The data:
##########

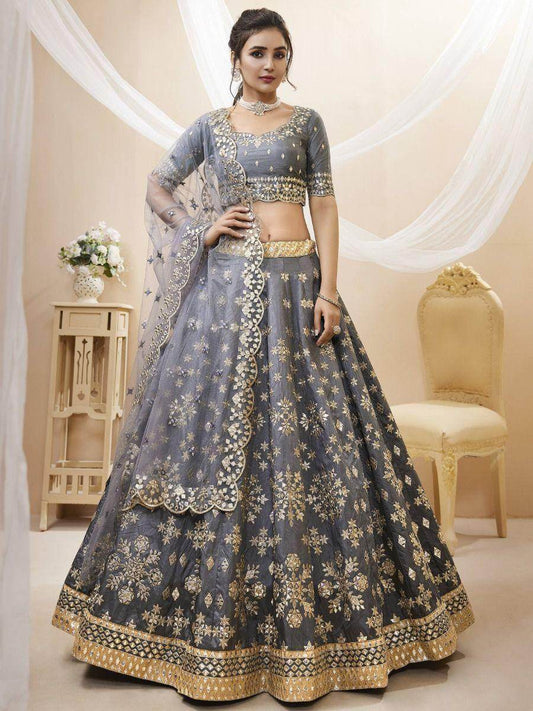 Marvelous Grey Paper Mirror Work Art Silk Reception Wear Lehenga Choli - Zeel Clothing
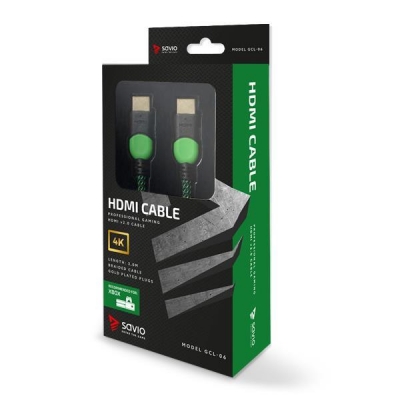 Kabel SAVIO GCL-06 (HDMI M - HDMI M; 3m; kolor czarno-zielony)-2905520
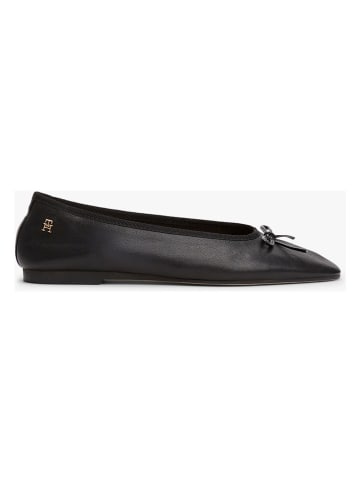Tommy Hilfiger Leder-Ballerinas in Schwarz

##########

Task statement: Emit the lines of the data above from the one containing "Kabel SAVIO GCL-06" through its final line, both endpoints included. Pictures do not belong in the output.

Answer space:
 Kabel SAVIO GCL-06 (HDMI M - HDMI M; 3m; kolor czarno-zielony)-2905520
Tommy Hilfiger Leder-Ballerinas in Schwarz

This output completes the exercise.